We are long since accustomed to Trump using his social media accounts to promote his often-strange opinions, but using them to foster a civil war in the streets is the stuff of malevolent conspiracy rather than settled power.

Paradoxically, the president brought to national attention by his role in a reality TV show has now run out of money to fund television adverts in the last crucial weeks of the campaign and may already have conceded swing states to Joe Biden.

If America is consumed by a presidency teetering on the brink of narcissistic breakdown then the politics of Westminster, maddening though they may be, are more engulfed in a very different kind of condition – corrupt cynicism.

Boris Johnson has announced a new way of engaging with an unsettled press corps, adopting the system already familiar in America where a press mandarin – probably the journalist Allegra Stratton – will field briefing questions. Superficially, it suggests a move towards Trump’s White House but much still separates the two regimes.

Trump is a full-blown narcissist, Johnson is still pursuing the dissembling idea that his government – led by Dominic Cummings – is the great disrupter, challenging orthodoxies and abandoning familiar ways of working.

It is a conceit that has led to their latest move, sabotaging trade negotiations with Europe and moving Britain towards a No-Deal Brexit, in what must surely signal the endgame for the UK Union.

Johnson’s woeful performances at Prime Minister’s Questions can only be explained by one of two things – either he arrives at the Houses of Parliament winging it and spectacularly unprepared for the monumental challenges sweeping around his premiership, or he is immune to criticism and so bloated by entitlement that he cannot grasp the breadth of the issues he is dealing with.

The Conservatives were once the law-and-order party and in decades gone by would be sticklers for the law, in the full knowledge that it was stacked in favour of their wider ambitions. Now a new kind of Tory is amongst us, one that is intoxicated with the concept of disruption and rule-bending.

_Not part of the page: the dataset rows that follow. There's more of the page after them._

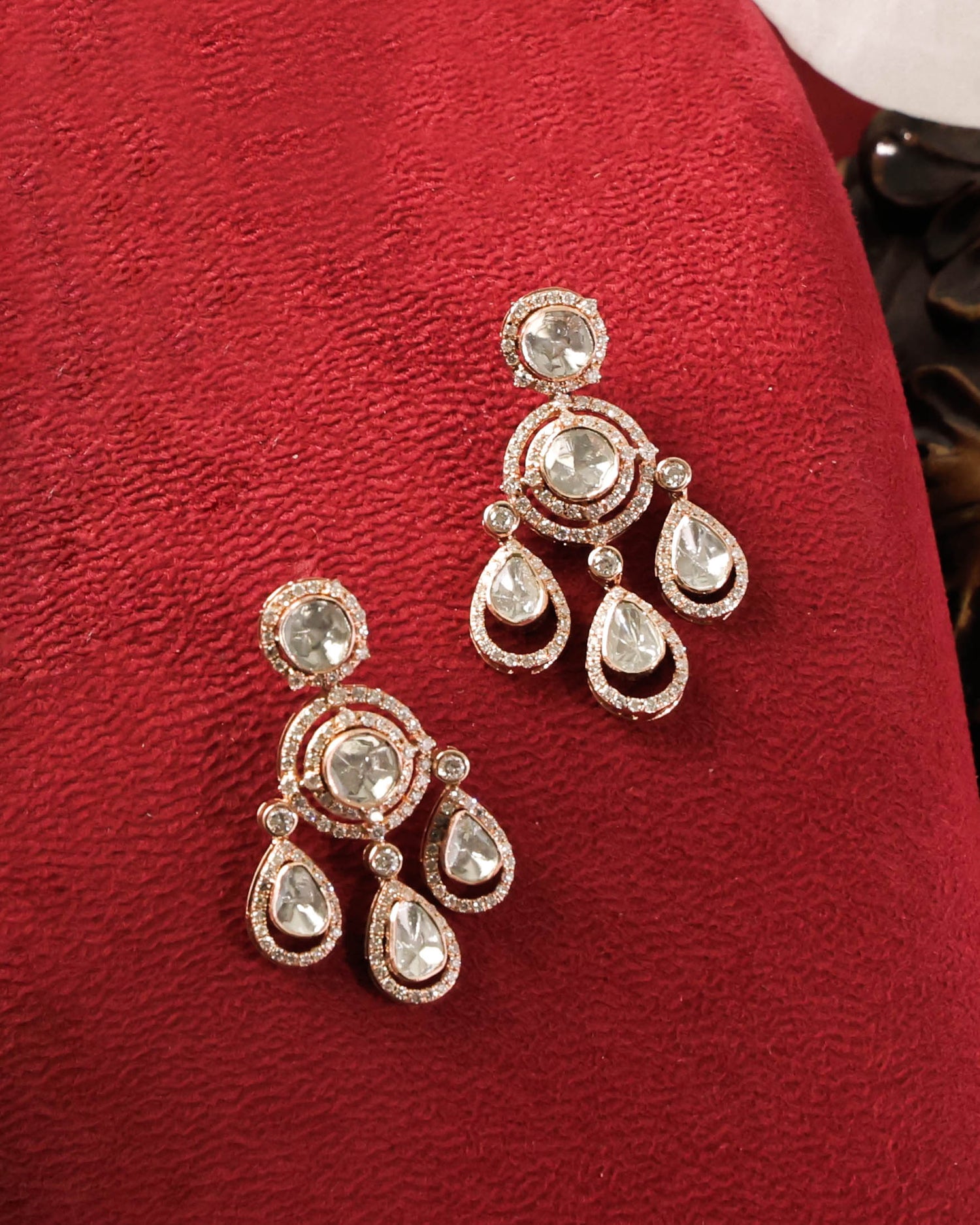 Veena Polki And Diamond Long Earrings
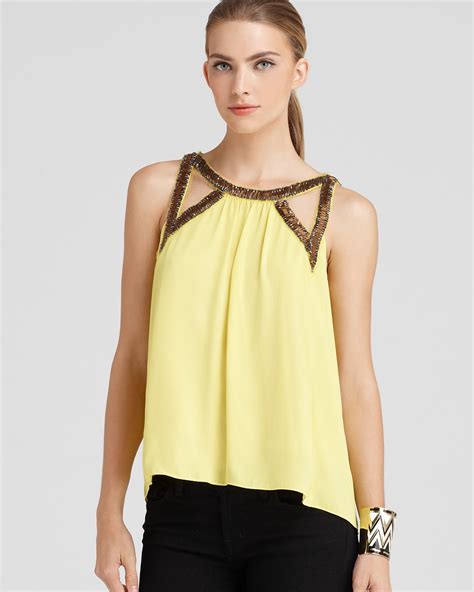 Bcbgmaxazria Top Gwenna Top With Beaded Strap Detail Bloomingdales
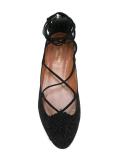 pompom lace-up ballerinas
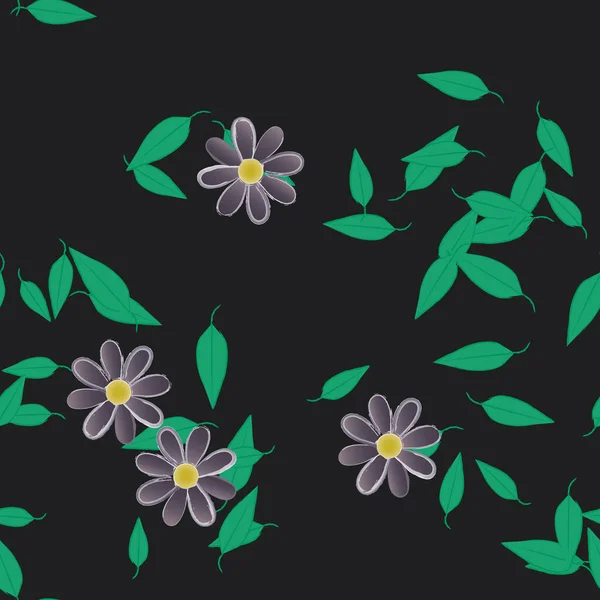Çiçekler Çiçek Açan Duvar Kağıtları Çiçek Açan Yapraklar Vektör Illüstrasyonu — Stok Vektör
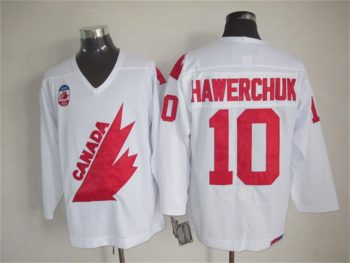 Vintage Team Canada #10 Dale Hawerchuk Stitched White Hockey Jersey Throwback Edition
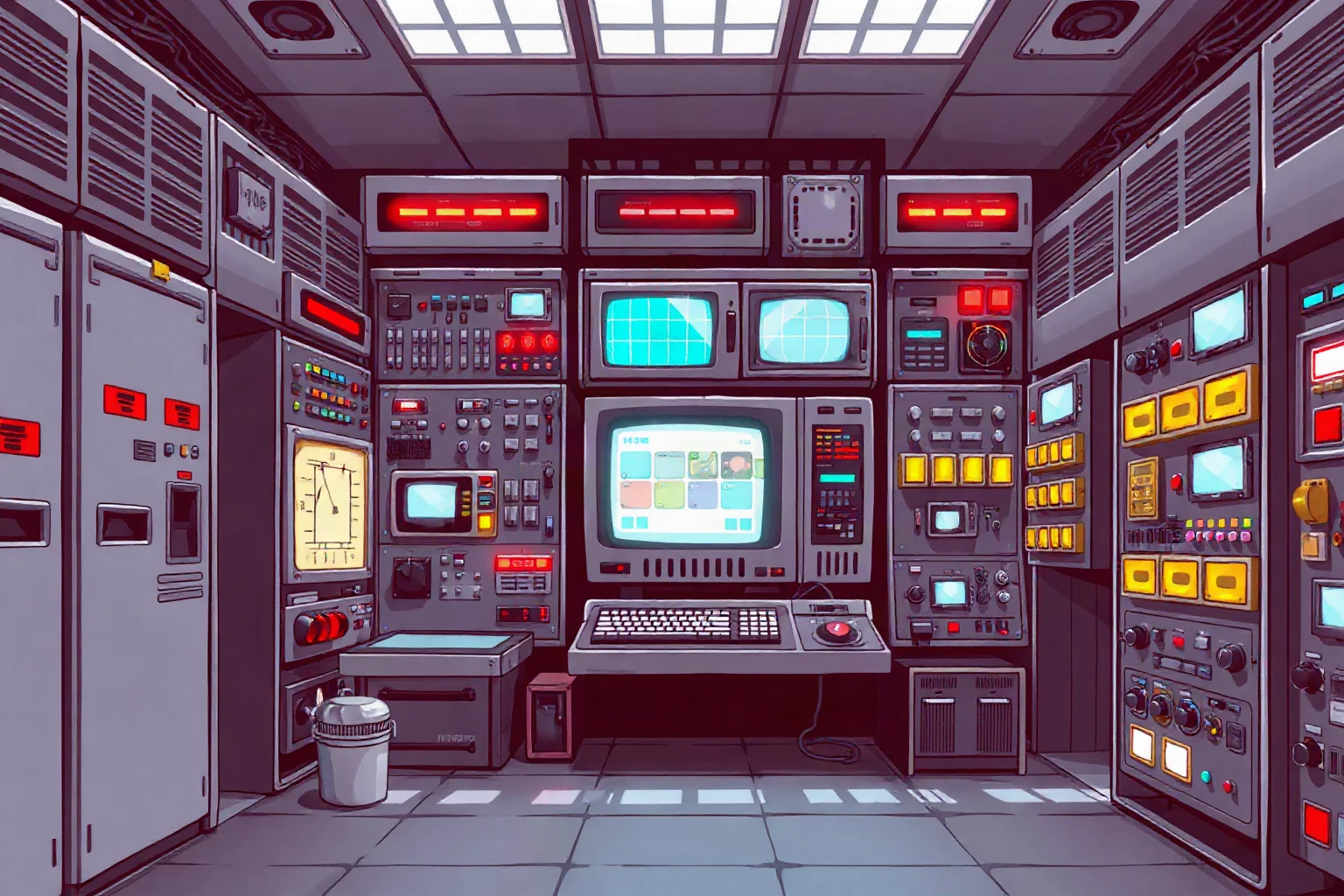 Illustration of a room-sized vintage computer with large panels, switches, and blinking lights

Johnson and Cummings have embarked on the No-Deal scenario in the belief that it would open the free-market prospect of a US-UK trade deal. Although chlorinated chicken has become the metaphor for the deal, many more barriers stand in the way, not least the great tormentor of all things English – the Irish.

On Wednesday, Speaker of the House of Representatives Nancy Pelosi said that there is “absolutely no chance” of a US-UK trade deal passing through Congress if the Good Friday Agreement is undermined because the agreement is “the bedrock of peace in Northern Ireland”.

Disruptions can shift blockages with a system, but they can also unleash clouds of chaos and doubt out of which unintended consequences emerge.

Day by day, Scotland is witnessing further harm to its democracy and to its small but cherished parliament.

This has two direct impacts: it emboldens the many who have arrived at the point where independence is the next necessary stage in our development as a nation and for those still unconvinced each new disruption nudges them towards the liferaft.

Kim Kardashian will not have a vote nor will the life of cossetted narcissism play any role in our democracy, but what the culture she has helped spawn has done is show up the follies of a political system placing its faith in fame, celebrity and reality television.

Rather the cautious, flawed and often mundane politics of home than the Botox-filled narcissism of others.